History of the Center for the Southwest

The Center for the Southwest under the direction of Virginia Scharff began as the “Center for the American West” in the Department of History at the University of New Mexico in 1989.  Under the direction of Richard W. Etulain, the Center for the American West built on the largest and strongest concentration of nationally recognized western historians in the country to encourage enlarged study of the history and culture of the American West.  These historians at the time included Etulain, Paul Andrew Hutton, John L. Kessell, Gerald D. Nash, Margaret Connell-Szasz, Virginia Scharff, and Ference Szasz.

Drawing on these faculty strengths and on more than a half-century of teaching, research, and library collecting of regional materials, the Center hosted seminars and conferences; sponsored workshops on the history of New Mexico and the West; encouraged publication of regional reference materials; and helped focus research on new topics of western history.  Former director of the Center for the American West is Richard W. Etulain, Professor Emeritus of History at the University of New Mexico.  Etulain is the author and editor of over fifty books, including his most recent publication, Lincoln and Oregon Country Politics in the Civil War Era (2013).  Etulain is also the author of Re-Imagining the Modern American West: A Century of Fiction, History, and Art and Beyond the Missouri: The Story of the American West.  Professor Etulain retired from the University in 2001.
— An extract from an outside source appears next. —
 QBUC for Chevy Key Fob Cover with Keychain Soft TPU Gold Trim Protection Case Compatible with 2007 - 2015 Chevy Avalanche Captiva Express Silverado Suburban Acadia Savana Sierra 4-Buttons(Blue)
In 2001, the Center for the American West became the Center for the Southwest, under the direction of Virginia Scharff, Distinguished Professor of History at the University of New Mexico.  Scharff, a scholar of the American West, Gender, and the United States, has long worked across genres and disciplines, and has sought to address a diverse array of audiences.  She has served on major committees both at the University of New Mexico and in scholarly organizations throughout the nation.  Scharff has lived, studies, and worked not only in New Mexico, but also in Arizona, Colorado, Wyoming, Texas, and California, and understands this region not only as a student of its history, culture, and landscape, but as a denizen and devotee.  Upon her appointment to this position, Scharff noted that one of the most exciting aspects of becoming director is “the certainty that we will measure our success by embracing, encouraging, and making real the great ideas that will come out of new contacts and conversations.”
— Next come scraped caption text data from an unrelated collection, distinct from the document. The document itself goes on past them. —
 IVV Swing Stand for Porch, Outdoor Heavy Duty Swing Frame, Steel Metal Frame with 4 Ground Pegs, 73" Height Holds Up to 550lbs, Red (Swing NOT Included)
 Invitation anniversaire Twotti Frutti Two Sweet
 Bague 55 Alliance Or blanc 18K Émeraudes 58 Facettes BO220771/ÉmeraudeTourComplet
Since its transition, the Center for the Southwest has continued the Center for the American West’s previous goals to forge links with existing regional programs and centers on campus and throughout the West.  The Center serves as an interdisciplinary organization that encourages conversations, collaborations and creative cooperation among various groups of people, all over the campus, who are involved in southwest studies and regional projects.  Likewise, it promotes programs that encourage undergraduate and graduate students to undertake studies of the diverse, multicultural peoples within the societies and cultures of the Southwest and American West.  In this regard, the programs cover western history from the earliest Indigenous and Hispanic experiences to those of the recent Sunbelt Southwest.  It is the Center’s goal to take regional history to its surrounding communities through a series of courses, exhibits, and conferences.  
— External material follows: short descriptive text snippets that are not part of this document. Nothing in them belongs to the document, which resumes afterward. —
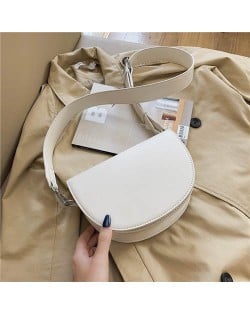 Fashion Semicircular Design One Shoulder Crossbody Wholesale Women Bag - White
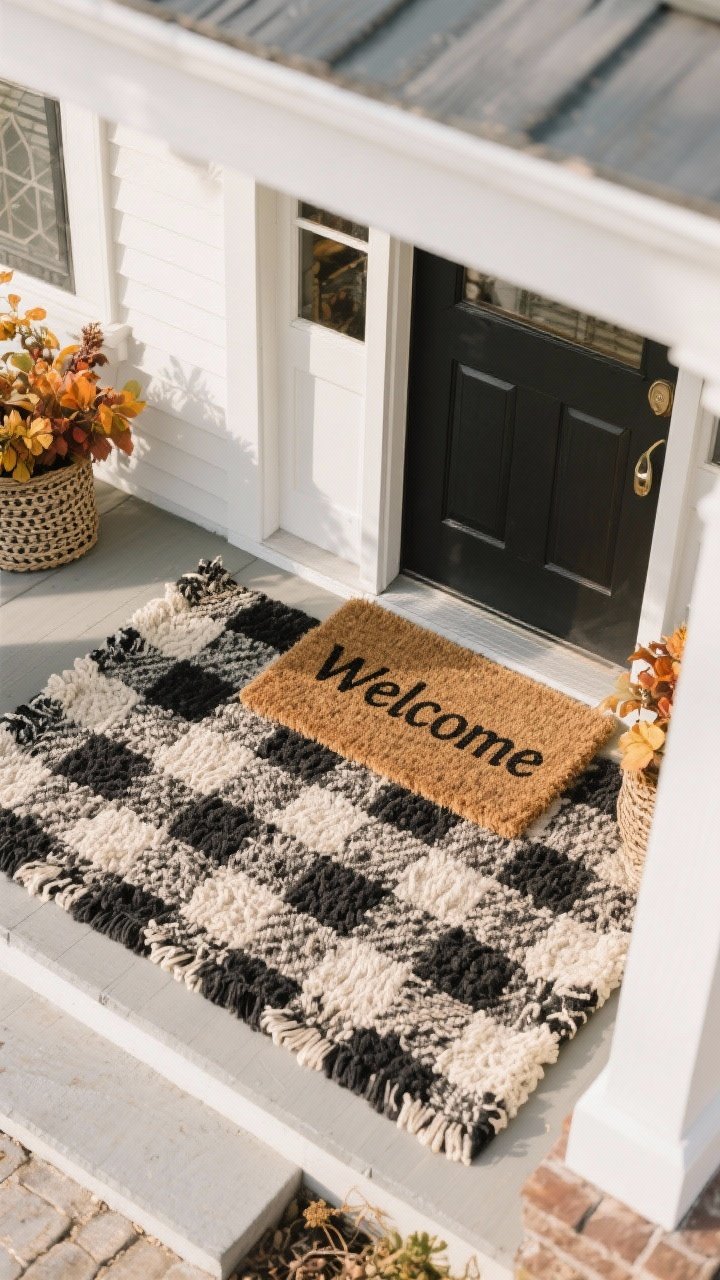 A top-down overhead detail shot of layered porch rugs at the front door: a chunky, oversized base rug with a neutral buffalo check in black and cream and nubby/jute-like texture, topped with a natural coir doormat that reads “Welcome”; optional hint of a woven runner leading toward the door if porch appears covered; subtle patterns that harmonize with potential fall decor; clean, intentional framing of the entry; soft, even daylight for clarity; photorealistic, no people.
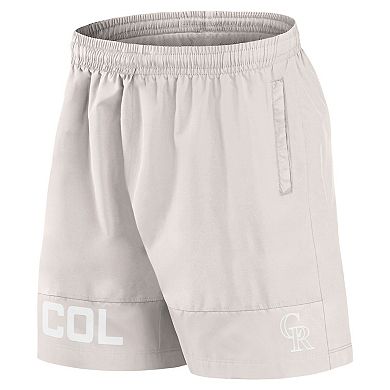 Men's Fanatics Cream Colorado Rockies Elements Swim Shorts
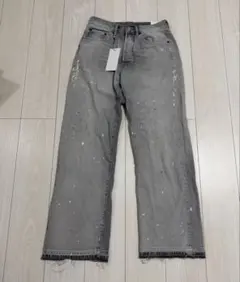 ZARA ルーズフィット　スプラッシュジーンズ　グレーのサムネイル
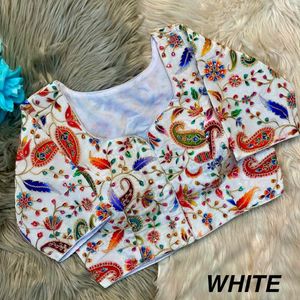 Blusa de Seda Crepé Natural Bellamente Elaborada con Estampado Intenso y Bordado Elegante, Ideal para Fiestas de Verano, de Secado Rápido, Exportación de Primera Calidad - Product Image 3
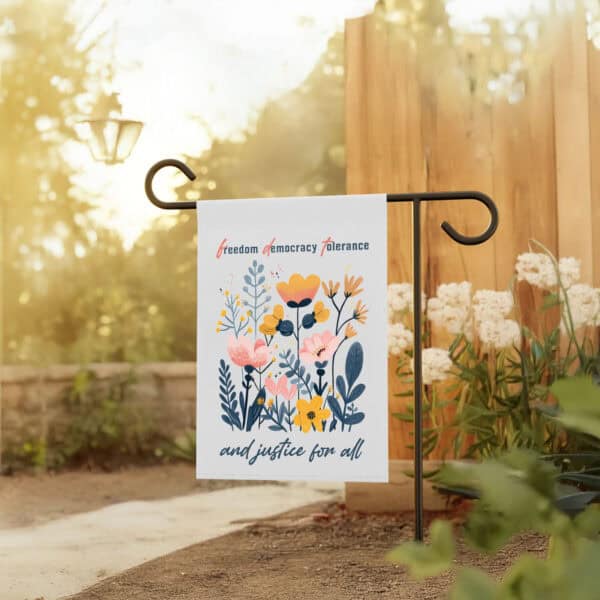Freedom-Democracy-Tolerance-Garden-Flag,-Floral-Subtle-FDT-Flags
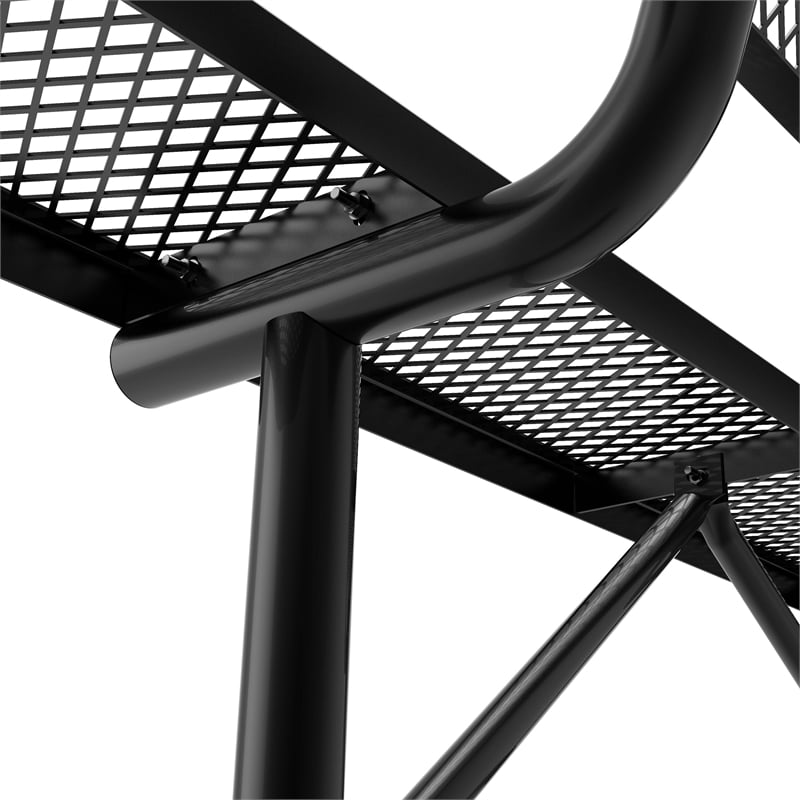 Commercial Grade 6' Expanded Mesh Metal Outdoor Bench with Backrest in Black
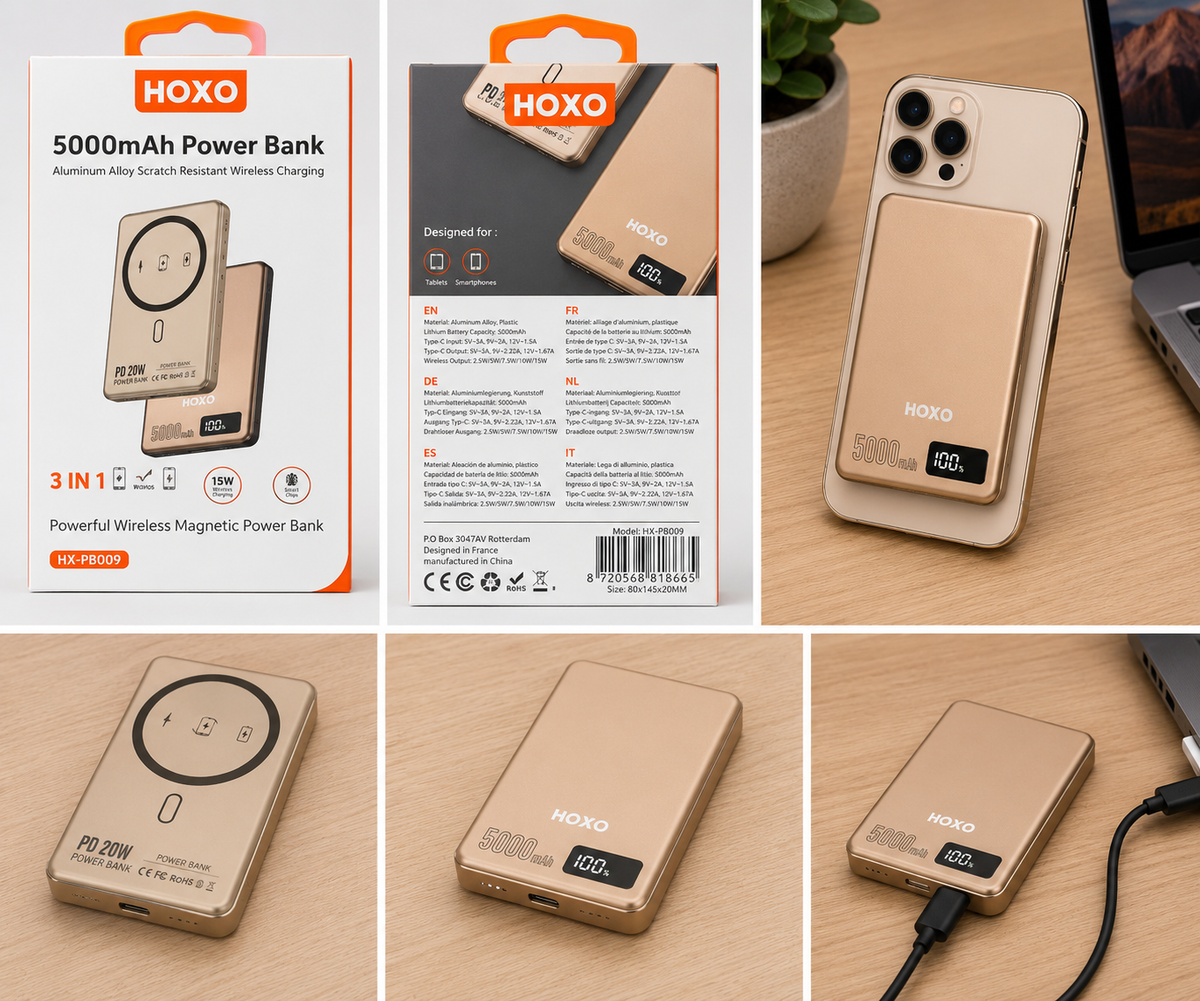 HOXO 5000mAh Powerbank – Gold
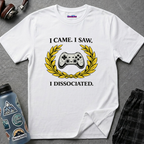 Text "I Came. I Saw. I Dissociated." with golden laurel crown framing a beat-up game controller.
The Center for the Southwest also forges links with existing regional programs and centers on campus and throughout the United States, such as the Autry National Center of the American West (Los Angeles, CA), the Bill Lane Center for the American West (Stanford University), the Center for the American West (UC-Boulder), the Center for the Study of the Pacific Northwest (University of Washington), the O’Connor Center for the Rocky Mountain West (University of Montana), the Udall Center for Public Policy (University of Arizona), the Center for Great Plains Studies (University of Nebraska), the Southwest institute for Research on Women (University of Arizona), and the William P. Clements Center for Southwest Studies (Southern Methodist University).